On September 29, 2018, against Louisiana, Waddle had three receptions for 138 yards and two receiving touchdowns to go with a 63-yard punt return for a touchdown. In the SEC Championship against Georgia, he had four receptions for 113 yards and a touchdown in the win. As a true freshman at Alabama in 2018, Waddle was named the SEC Freshman of the Year after recording 45 receptions for 848 yards and seven touchdowns. As a punt returner, he also returned 16 punts for 233 yards and a touchdown.

Waddle returned to the Crimson Tide for his sophomore season in 2019. He recorded 33 receptions for 560 yards and scored six receiving touchdowns. He also returned a punt 77 yards for a touchdown against LSU and a kickoff 98 yards for a touchdown against Auburn. He was named first-team All-SEC as a return specialist and was named SEC Special Teams Player of the Year. He led the NCAA in both punt return yards (487) and average punt return yards (24.4).

In his first four games of the COVID-19 pandemic-shortened 2020 season, Waddle recorded at least 120 receiving yards in each of the games. He had eight receptions for 134 yards and two touchdowns in the win over Missouri on September 26. In the following game, a win over Texas A&M, he had five receptions for 142 yards and one touchdown. In the next game, a win over Ole Miss, he had six receptions for 120 yards. In the next game, against Georgia, he had six receptions for 161 yards and a touchdown in the win. On October 24, Waddle broke his right ankle when he was tackled while returning the opening kickoff in a game against Tennessee. Waddle returned for the National Championship game against Ohio State. On January 14, 2021, Waddle announced that he would forgo his senior season and enter the 2021 NFL draft.

==Professional career==

Pre-draft measurables
| Height | Weight | Arm length | Hand span | Wingspan | 40-yard dash |
| 5 ft 9+1⁄2 in (1.77 m) | 180 lb (82 kg) | 30+3⁄8 in (0.77 m) | 9+1⁄8 in (0.23 m) | 6 ft 2+5⁄8 in (1.90 m) | 4.37 s |
All values from Pro Day

=== Miami Dolphins ===
Waddle was selected sixth overall in the 2021 NFL draft by the Miami Dolphins, reuniting him with his college quarterback Tua Tagovailoa. On May 14, 2021, Waddle signed with the Dolphins on a $27.1 million deal.

==== 2021 ====
In his first NFL game on September 12, 2021, Waddle faced off against former Alabama teammate quarterback Mac Jones and the New England Patriots. Waddle caught 4 of his 6 targets for 61 receiving yards, and also caught his first NFL receiving touchdown on a 3-yard pass from Tua Tagovailoa in the 17–16 win. His first big breakthrough came in Week 12 against the Carolina Panthers, finishing with 137 receiving yards as the Dolphins won 33–10. Throughout the season, Waddle became known for his waddling celebrations after touchdowns, inspired by his last name.

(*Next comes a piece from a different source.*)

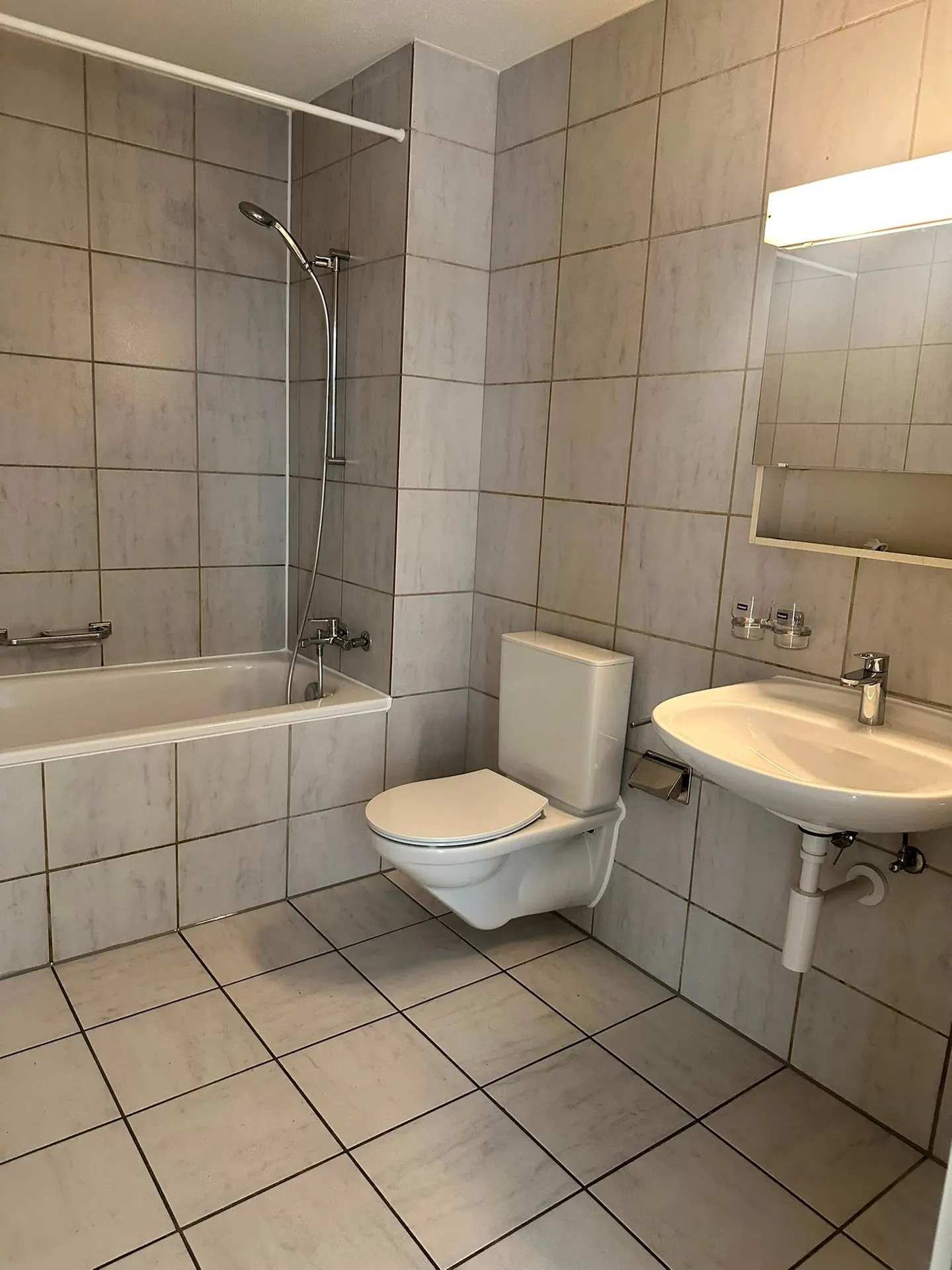 Appartamento Charmante con Terrazza Coperta - Foto 15 di 19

In his 16th game of the season, Waddle set the NFL rookie record for receptions in a season with 104, surpassing Anquan Boldin's then-record of 101. In 2023, this record was broken by Puka Nacua (105). Waddle finished his rookie season with 104 receptions for 1,015 yards and seven total touchdowns. He was named to the PFWA All-Rookie Team.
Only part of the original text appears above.